From: Sam Ruby <rubys@intertwingly.net>
Date: Wed, 24 Dec 2014 16:03:48 -0500
To: "Roy T. Fielding" <roy.fielding@gmail.com>
CC: "public-ietf-w3c@w3.org" <public-ietf-w3c@w3.org>
Message-ID: <549B2A34.8070901@intertwingly.net>
On 12/24/2014 03:08 PM, Roy T. Fielding wrote:
> On Dec 24, 2014, at 9:06 AM, Sam Ruby wrote:
>> On 12/24/2014 11:47 AM, Roy T. Fielding wrote:
>>> On Dec 23, 2014, at 11:47 AM, Sam Ruby <rubys@intertwingly.net>
>>> wrote:
>>>>
>>>>> On 12/23/2014 02:07 PM, Mark Nottingham wrote:
>>>>>
>>>>> At first glance, it appears like a lot of the valid
>>>>> URI/invalid URL outcomes are because url LS is doing
>>>>> scheme-specific processing; is that the case? (Currently
>>>>> working with limited net access + heavy jet lag)
>>>>
>>>> That certainly explains a number of differences.
>>>> Additionally:
>>>>
>>>> 1) There are cases that ABNF can't capture.  I tend to agree
>>>> with Julian[1] that the ABNF should be treated as rough syntax
>>>> only, and that additional constraints should be specified in
>>>> prose.  That's effectively how the webplatform URL draft is
>>>> structured[2].
>>>>
>>>> 2) The URL LS is IDNA and Unicode more aware than RFC 3986 is.
>>>> Clearly, this is by design, but I will suggest that there is
>>>> an important lesson to be learned by the effort to split out
>>>> RFC 3987 into a separate RFC: I think that unintentionally had
>>>> the effect of "ghettoizing" IRIs.  I might be misreading
>>>> Martin, but perhaps that's why he suggested RFC 3986 errata as
>>>> the way to handle bidi?[3]
>>>
>>> No, it has to be understood that RFC3986 defines the set of
>>> addresses that are universally interoperable.

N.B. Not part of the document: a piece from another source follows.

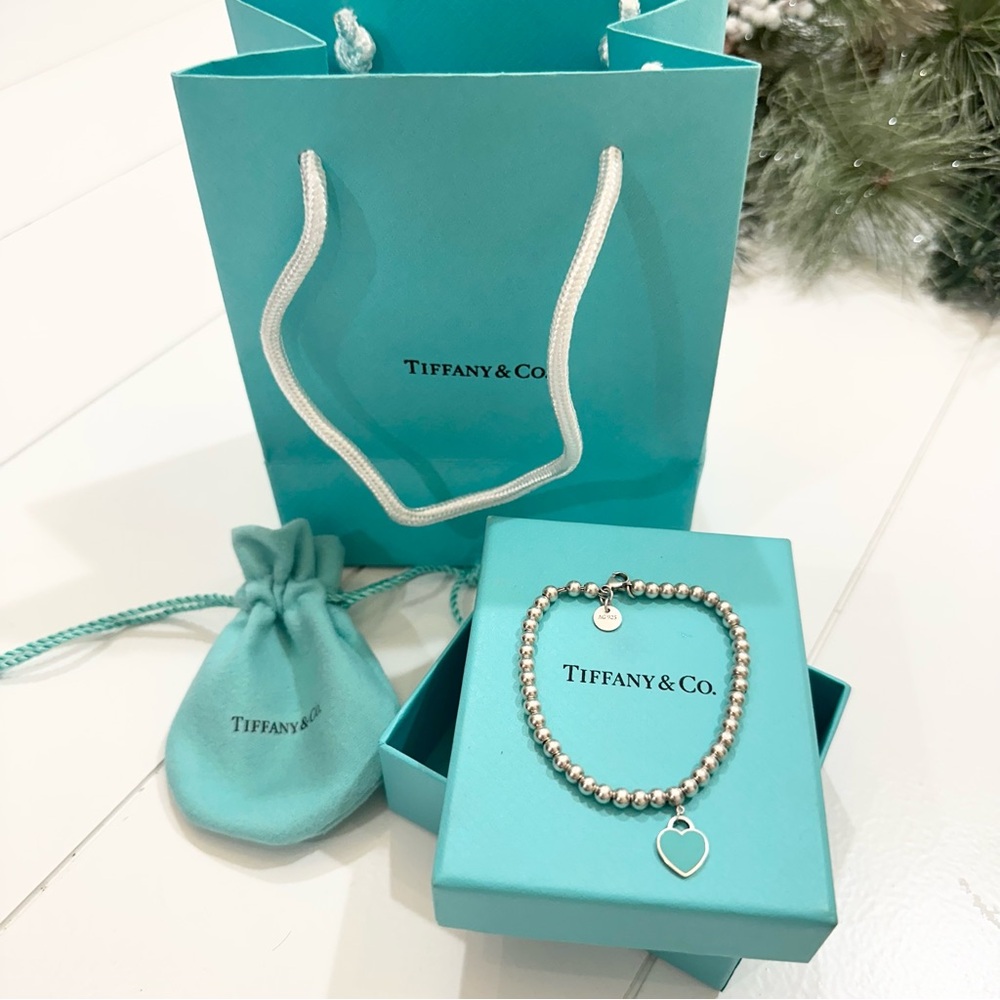 Tiffany Blue® Heart Tag Bead Bracelet
in Silver, 4 mm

IDNA is not
>>> INTEROPERABLE except in its punycode form.
>>
>> It is not clear to me what you are saying 'No' to.  Even ASCII only
>> URIs have never been universally INTEROPERABLE (just curious: why
>> are we shouting here?).
>
> because my iPhone sometime sticks to all-caps ... it yells for me, in
> bed.
>
>> I have data that demonstrates considerable IDNA interoperability,
>> though clearly not universally.
>
> That's because you are using the HTML5 definition of interoperable,
> whereas I am talking about two independent implementations being able
> to communicate.
>
>> I'm personally willing to settle for "rough consensus and running
>> code".
>
> You have only looked at a handful of implementations, almost all of
> which are browsers.  For 3986, we had over 50 independent
> implementations participate in the process, with well over a thousand
> known implementations in the wild. We spent four years on that
> process, in addition to the years spent on RFC1808 and RFC2396.  You
> don't replace that by posting a few messages to a private liaison
> mailing list.

You must have bigger hands than me, and less than half are browsers.

The WHATWG has been working on URLs for several years.  That process
isn't as inclusive as I would like, and I'm working to fix that.  I've
also reached out to the apps area in the IETF and the webapps WG in the W3C.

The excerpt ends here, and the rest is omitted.